What is being asked → Return each entry unchanged.

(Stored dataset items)
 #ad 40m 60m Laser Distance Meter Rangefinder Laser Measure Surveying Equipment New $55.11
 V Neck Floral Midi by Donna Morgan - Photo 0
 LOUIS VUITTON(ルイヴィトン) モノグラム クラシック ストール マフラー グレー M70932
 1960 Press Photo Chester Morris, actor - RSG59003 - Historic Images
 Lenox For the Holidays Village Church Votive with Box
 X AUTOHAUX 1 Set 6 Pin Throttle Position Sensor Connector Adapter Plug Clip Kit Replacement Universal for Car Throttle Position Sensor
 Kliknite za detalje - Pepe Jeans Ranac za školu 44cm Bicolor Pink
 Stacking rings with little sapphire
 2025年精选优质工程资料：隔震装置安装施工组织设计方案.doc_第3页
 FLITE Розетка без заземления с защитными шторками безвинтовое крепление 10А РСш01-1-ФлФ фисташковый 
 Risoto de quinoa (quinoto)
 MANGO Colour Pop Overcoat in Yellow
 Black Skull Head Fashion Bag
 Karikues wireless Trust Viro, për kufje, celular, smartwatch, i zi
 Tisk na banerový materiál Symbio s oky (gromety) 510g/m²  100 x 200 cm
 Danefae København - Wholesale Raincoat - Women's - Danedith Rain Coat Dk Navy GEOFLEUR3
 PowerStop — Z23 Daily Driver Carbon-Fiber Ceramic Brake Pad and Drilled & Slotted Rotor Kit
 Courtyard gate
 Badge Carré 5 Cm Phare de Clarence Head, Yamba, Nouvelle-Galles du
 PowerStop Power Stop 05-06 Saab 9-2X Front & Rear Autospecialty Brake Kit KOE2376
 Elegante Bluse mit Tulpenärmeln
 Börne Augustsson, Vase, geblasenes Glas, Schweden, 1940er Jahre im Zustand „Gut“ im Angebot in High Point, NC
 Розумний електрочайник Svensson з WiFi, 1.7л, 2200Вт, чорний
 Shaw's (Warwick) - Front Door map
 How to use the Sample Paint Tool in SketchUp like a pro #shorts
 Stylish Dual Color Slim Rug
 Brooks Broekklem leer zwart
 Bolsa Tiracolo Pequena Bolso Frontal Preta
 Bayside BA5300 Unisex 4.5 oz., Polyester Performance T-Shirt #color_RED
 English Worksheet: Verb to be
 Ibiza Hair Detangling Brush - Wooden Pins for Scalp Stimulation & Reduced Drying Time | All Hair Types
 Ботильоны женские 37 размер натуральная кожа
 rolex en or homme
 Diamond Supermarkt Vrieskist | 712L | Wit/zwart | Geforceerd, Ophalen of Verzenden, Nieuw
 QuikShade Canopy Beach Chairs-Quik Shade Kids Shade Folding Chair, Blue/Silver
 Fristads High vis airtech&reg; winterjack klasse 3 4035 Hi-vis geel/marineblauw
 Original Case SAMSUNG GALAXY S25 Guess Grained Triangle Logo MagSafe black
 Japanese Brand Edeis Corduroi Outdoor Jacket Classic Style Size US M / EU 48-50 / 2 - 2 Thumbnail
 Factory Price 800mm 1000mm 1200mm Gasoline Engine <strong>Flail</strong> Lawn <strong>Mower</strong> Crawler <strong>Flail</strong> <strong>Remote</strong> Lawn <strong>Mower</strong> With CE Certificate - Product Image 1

Answer to this exercise →
 #ad 40m 60m Laser Distance Meter Rangefinder Laser Measure Surveying Equipment New $55.11
 V Neck Floral Midi by Donna Morgan - Photo 0
 LOUIS VUITTON(ルイヴィトン) モノグラム クラシック ストール マフラー グレー M70932
 1960 Press Photo Chester Morris, actor - RSG59003 - Historic Images
 Lenox For the Holidays Village Church Votive with Box
 X AUTOHAUX 1 Set 6 Pin Throttle Position Sensor Connector Adapter Plug Clip Kit Replacement Universal for Car Throttle Position Sensor
 Kliknite za detalje - Pepe Jeans Ranac za školu 44cm Bicolor Pink
 Stacking rings with little sapphire
 2025年精选优质工程资料：隔震装置安装施工组织设计方案.doc_第3页
 FLITE Розетка без заземления с защитными шторками безвинтовое крепление 10А РСш01-1-ФлФ фисташковый 
 Risoto de quinoa (quinoto)
 MANGO Colour Pop Overcoat in Yellow
 Black Skull Head Fashion Bag
 Karikues wireless Trust Viro, për kufje, celular, smartwatch, i zi
 Tisk na banerový materiál Symbio s oky (gromety) 510g/m²  100 x 200 cm
 Danefae København - Wholesale Raincoat - Women's - Danedith Rain Coat Dk Navy GEOFLEUR3
 PowerStop — Z23 Daily Driver Carbon-Fiber Ceramic Brake Pad and Drilled & Slotted Rotor Kit
 Courtyard gate
 Badge Carré 5 Cm Phare de Clarence Head, Yamba, Nouvelle-Galles du
 PowerStop Power Stop 05-06 Saab 9-2X Front & Rear Autospecialty Brake Kit KOE2376
 Elegante Bluse mit Tulpenärmeln
 Börne Augustsson, Vase, geblasenes Glas, Schweden, 1940er Jahre im Zustand „Gut“ im Angebot in High Point, NC
 Розумний електрочайник Svensson з WiFi, 1.7л, 2200Вт, чорний
 Shaw's (Warwick) - Front Door map
 How to use the Sample Paint Tool in SketchUp like a pro #shorts
 Stylish Dual Color Slim Rug
 Brooks Broekklem leer zwart
 Bolsa Tiracolo Pequena Bolso Frontal Preta
 Bayside BA5300 Unisex 4.5 oz., Polyester Performance T-Shirt #color_RED
 English Worksheet: Verb to be
 Ibiza Hair Detangling Brush - Wooden Pins for Scalp Stimulation & Reduced Drying Time | All Hair Types
 Ботильоны женские 37 размер натуральная кожа
 rolex en or homme
 Diamond Supermarkt Vrieskist | 712L | Wit/zwart | Geforceerd, Ophalen of Verzenden, Nieuw
 QuikShade Canopy Beach Chairs-Quik Shade Kids Shade Folding Chair, Blue/Silver
 Fristads High vis airtech&reg; winterjack klasse 3 4035 Hi-vis geel/marineblauw
 Original Case SAMSUNG GALAXY S25 Guess Grained Triangle Logo MagSafe black
 Japanese Brand Edeis Corduroi Outdoor Jacket Classic Style Size US M / EU 48-50 / 2 - 2 Thumbnail
 Factory Price 800mm 1000mm 1200mm Gasoline Engine <strong>Flail</strong> Lawn <strong>Mower</strong> Crawler <strong>Flail</strong> <strong>Remote</strong> Lawn <strong>Mower</strong> With CE Certificate - Product Image 1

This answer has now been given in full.